I made a custom resolution where I changed the refresh rate of my 60hz monitor to 75 and then I chose it in the Nvidia control panel.
Now when ever I launch any game it changes it back to my default 60hz normal resolution...

Any ideas? Valve has discontinued -refresh as an actual command it seems and that would only work for Valve games.

Update: It seems Portal 2 supports -refresh... Team Fortress 2 doesn't though...
 
Solution


No, those things are different. An LCD monitor is setup for a set number of pixels, that is how many are physically on the monitor, you can't add any more to that limit by changing custom resolutions. The refresh rate it is possible to over-ride the stock settings, on some models it does work, on many it will just do nothing or damage the screen.

CPU, RAM, video cards are set to run at flexible speeds, they drop down...
That is not resolution but refresh rate.

What monitor do you have?

Any games that don't support resolutions or refresh options that you try to force are much more likely to crash or look odd than work.

And you are just setting the Windows resolution, not the game resolution, so your custom resolution does not matter in the game.
 

So from what I have gathered from this is I should buy a 144/120/anything above 60 Hz monitor ONLY if I want to play ONLY Battlefield and a few other games that support different refresh rates(which would exclude 99% of games)?

Yes I am telling Windows that there is a resolution that has 75 Hz and then i'm choosing it for my desktop resolution.

I don't see why what monitor I have would matter in this case but it's an Element ELEFW195.
 


The screen is a cheap 720p 60 hz TV, why are you trying to set it to run at 75hz? Set the games and Windows to run at the correct resolution and refresh rate for the monitor you are using. The monitor you are using is everything in your case. Aside from the fact that the games won't run in the settings you pick, the monitor won't run at the settings you pick either.

1366 x 768 at 60hz is what you should be running at.
 
If Windows/Your GPU tries to send a signal to the monitor at a refresh rate/HZ it doesn't support, the monitor will likely black out.

Your monitor doesn't support 75HZ, so it's a bad idea to try and force it to run at that anyways.

That's a lot different than a custom resolution, which would be something like 1831x1057.

A higher HZ monitor would allow you to actually see more than 60FPS though, so that's why you'd want that, and actually would work with 90% of games, because only a few really basic or bad ones have imposed FPS caps/locks.


 


I don't know.
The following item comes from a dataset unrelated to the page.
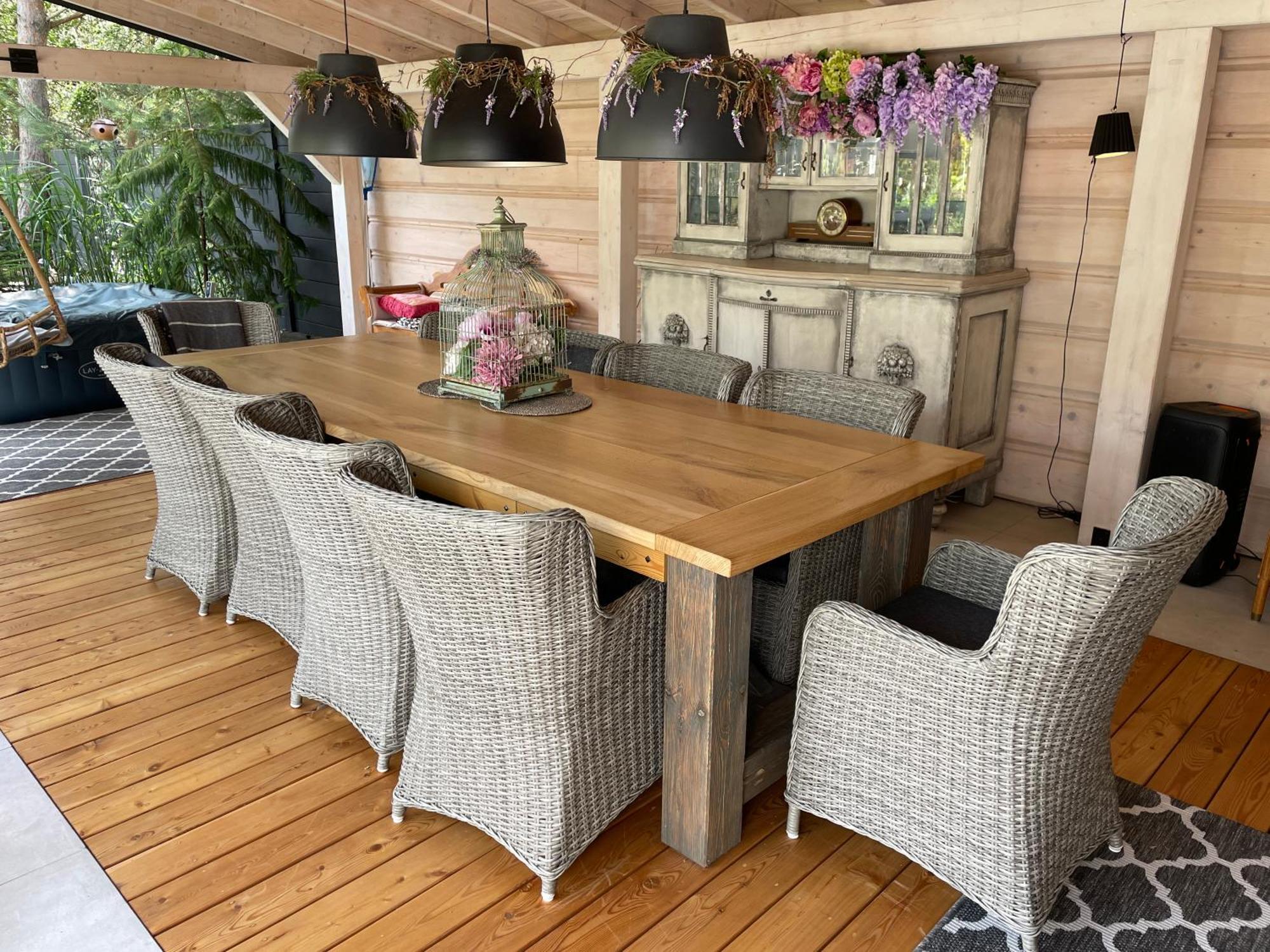 Hortus Apartament Z Klimatyzacja Болеславец Екстериор снимка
Wanted to see if I could notice the difference in 60 hz and 75 hz since it's a 25% increase in pictures i'd see.

From what I have gathered from this is that my monitor is taking the 75 hz signal and converting it back to 60 hz then?? If that's true why doesn't it take all the hz I set it to and convert it back to 60 hz instead of black screening or am I missing something?
 


As far as I can tell it seems to have worked fine for a couple days (before technical errors not related to the monitor came up and ended up going back to 60 Hz) at 75 Hz (see comment above as that would explain why it would have) and even did the changed resolution thing which I wouldn't expect when ever I started a game that ran in 60 hz (TF2 for instance).

Tell Nvidia that then... because it allows you to change the refresh rate of your monitor under the custom resolutions thing.

Portal 2 even vsynced at 75 FPS with no screen tearing (only Valve game that actually worked when I did -refresh 75) as well as Battlefield 3.
 


Sure Windows will let you change the refresh rate, and setup whatever resolution you want even if it won't work with the monitor you have. It's up to you to pick the correct thing to use. Read the specs on the monitor, use those settings. You are trying to fit 5 gallons of water in a 4 gallon bucket and wondering why there is water spilling out.
 


Wouldn't this all also apply to overclocking your GPU, CPU, and RAM? I thought just like those you could overclock a monitor or something like the many videos on YouTube show.
I honestly find it HIGHLY improbable that vsync would work flawlessly on games that do support custom refresh rates if this were true.
 


No, those things are different. An LCD monitor is setup for a set number of pixels, that is how many are physically on the monitor, you can't add any more to that limit by changing custom resolutions. The refresh rate it is possible to over-ride the stock settings, on some models it does work, on many it will just do nothing or damage the screen.

CPU, RAM, video cards are set to run at flexible speeds, they drop down when on low usage, and since often the speeds they can go on is based on testing individual parts from the same line, there are often parts that do not test to a certain speed for quality by the factory that may still attain that higher speed if a consumer wants to risk that speed in exchange for taking a chance on killing the part or decreasing it's usable life.